[TASK TO COMPLETE]
Only one part of the listing is needed: the lines from the one with "Plaza de los Héroes, Budapest" through the last line, copied exactly and free of pictures.

[TASK DATA]
:::::
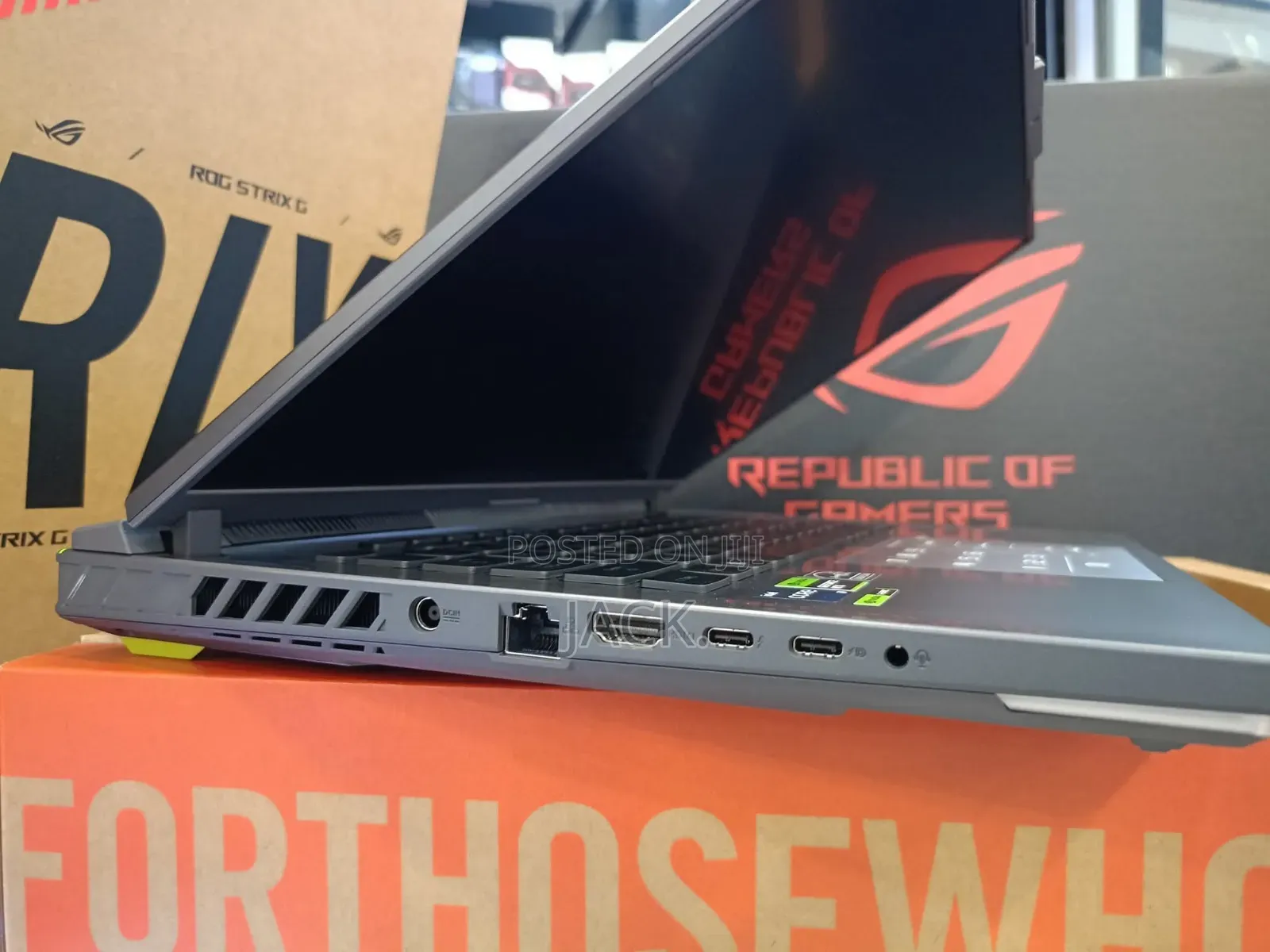 Laptop Asus ROG Strix GL503 32GB Intel Core i9 SSD 1T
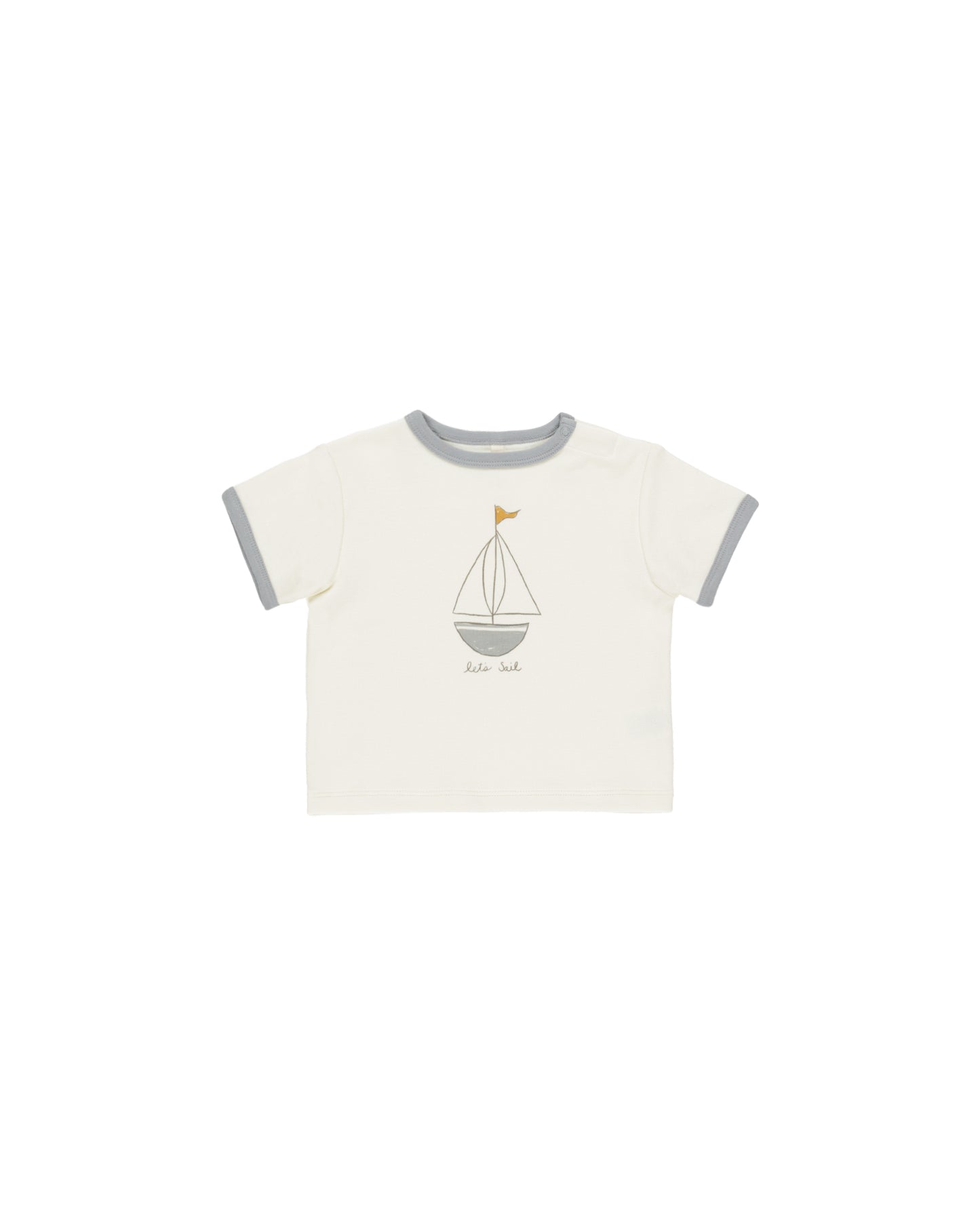 RINGER TEE || BOAT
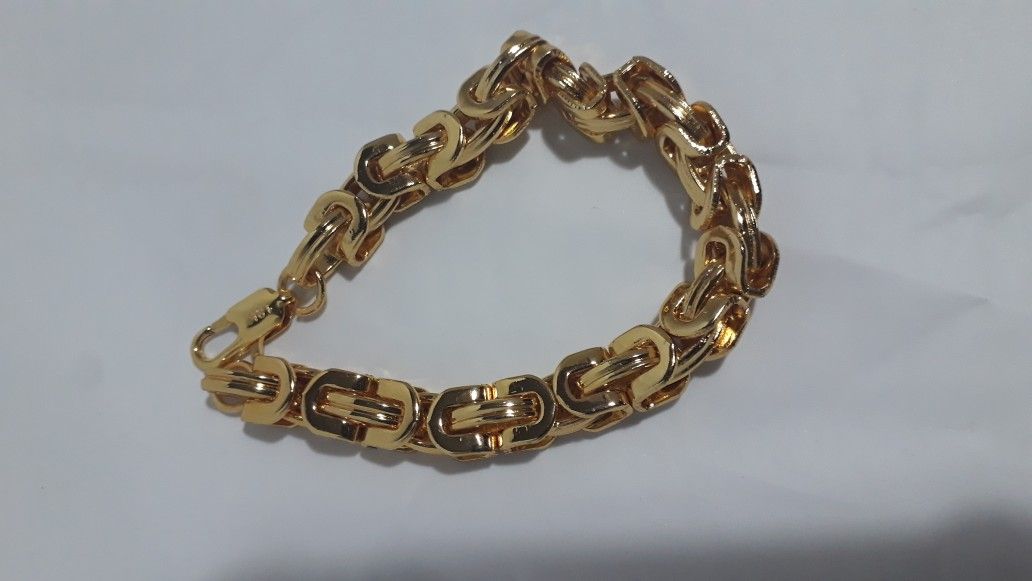 Gold Plated Bracelet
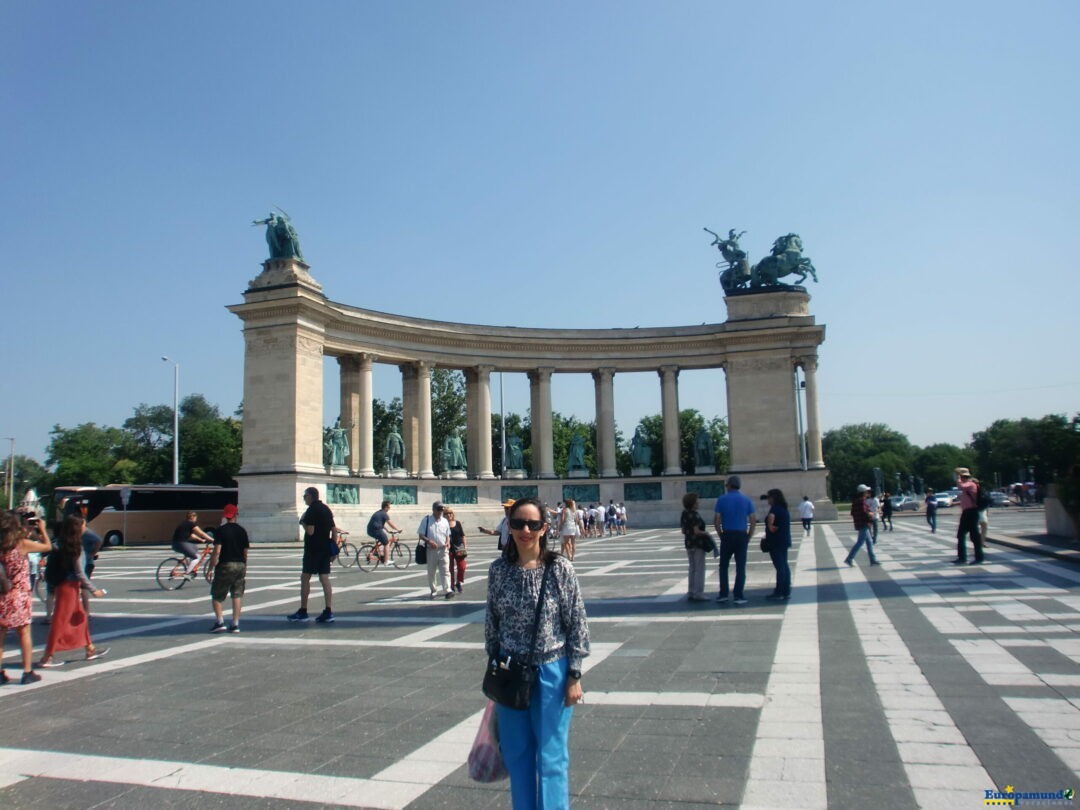 Plaza de los Héroes, Budapest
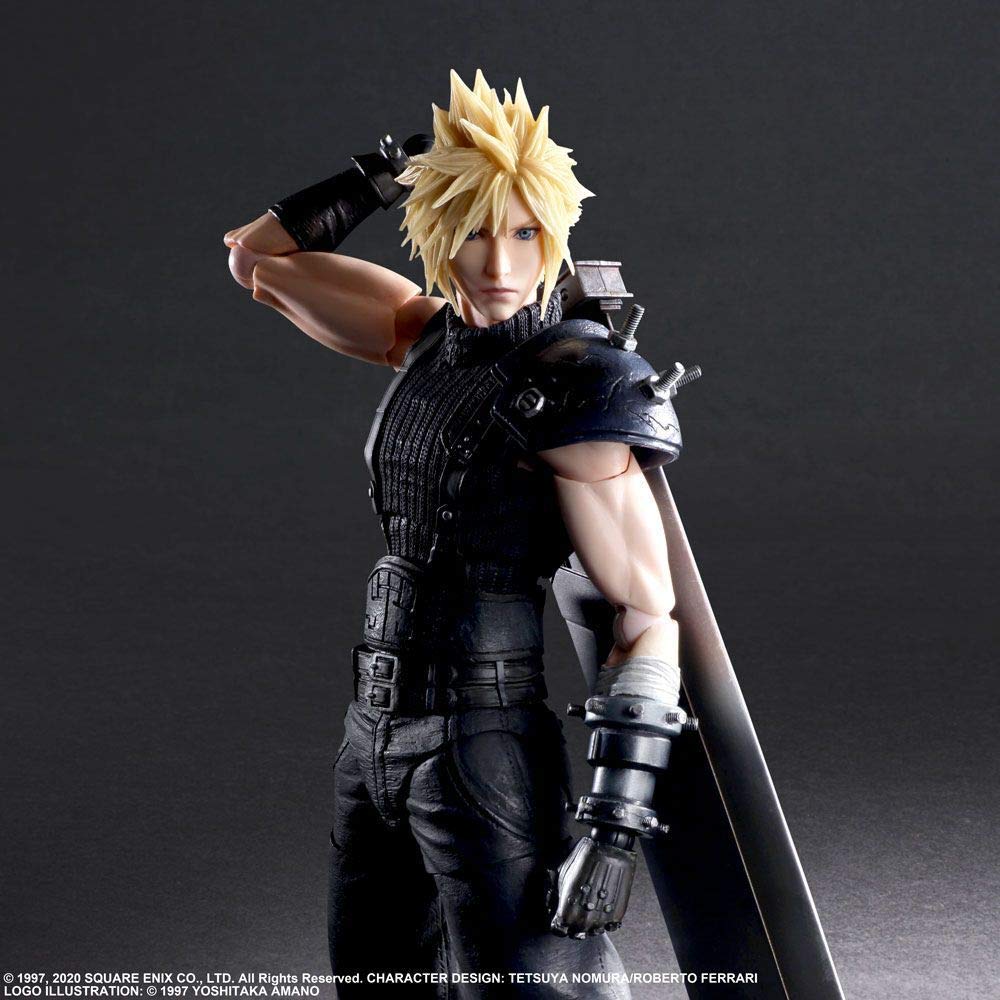 Amazon.co.jp: Square Enix - Final Fantasy VII Play Arts Kai Cloud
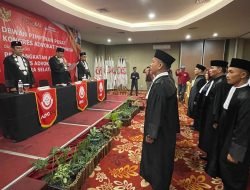 Pengangkatan Advokat KAI Sumsel, Bapak Advokat Modern: Yakinkan Anda Lebih Sukses dari Para Senior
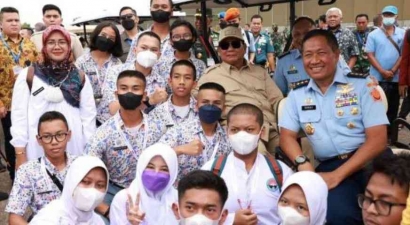 Prabowo Ingin Indonesia Mengejar Ketertinggalan Teknologi dari Negara Maju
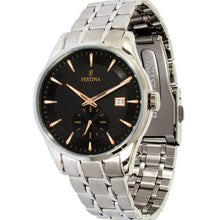 Cargar imagen en el visor de la galería, RELOJ PARA HOMBRE FESTINA RETRO F20276/4 - PLATEADO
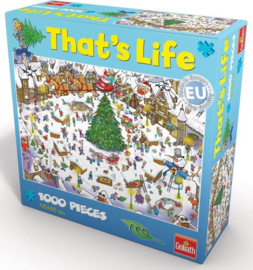 Goliath That's Life Puzzel - Christmas - 1000 Stukjes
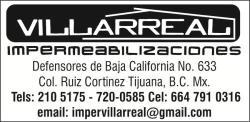 Impermeabilizaciones Villarreal en Tijuana (Ruiz Cortinez) - Horario de apertura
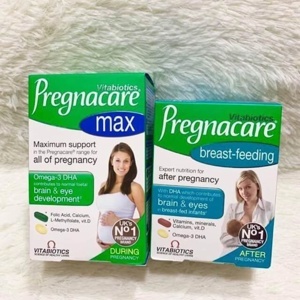 Vitamin bà bầu Pregnacare max ( 84 viên)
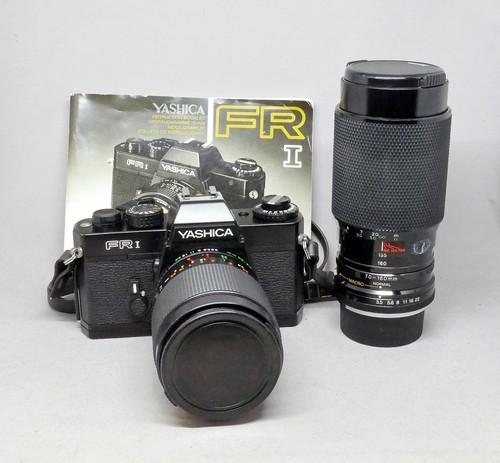 Yashica slr kit - fr-1,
:::::
[RESPONSE BELOW]
 Plaza de los Héroes, Budapest
 Amazon.co.jp: Square Enix - Final Fantasy VII Play Arts Kai Cloud
 Pengangkatan Advokat KAI Sumsel, Bapak Advokat Modern: Yakinkan Anda Lebih Sukses dari Para Senior
 Prabowo Ingin Indonesia Mengejar Ketertinggalan Teknologi dari Negara Maju
 Cargar imagen en el visor de la galería, RELOJ PARA HOMBRE FESTINA RETRO F20276/4 - PLATEADO
 Goliath That's Life Puzzel - Christmas - 1000 Stukjes
 Impermeabilizaciones Villarreal en Tijuana (Ruiz Cortinez) - Horario de apertura
 Vitamin bà bầu Pregnacare max ( 84 viên)
 Yashica slr kit - fr-1,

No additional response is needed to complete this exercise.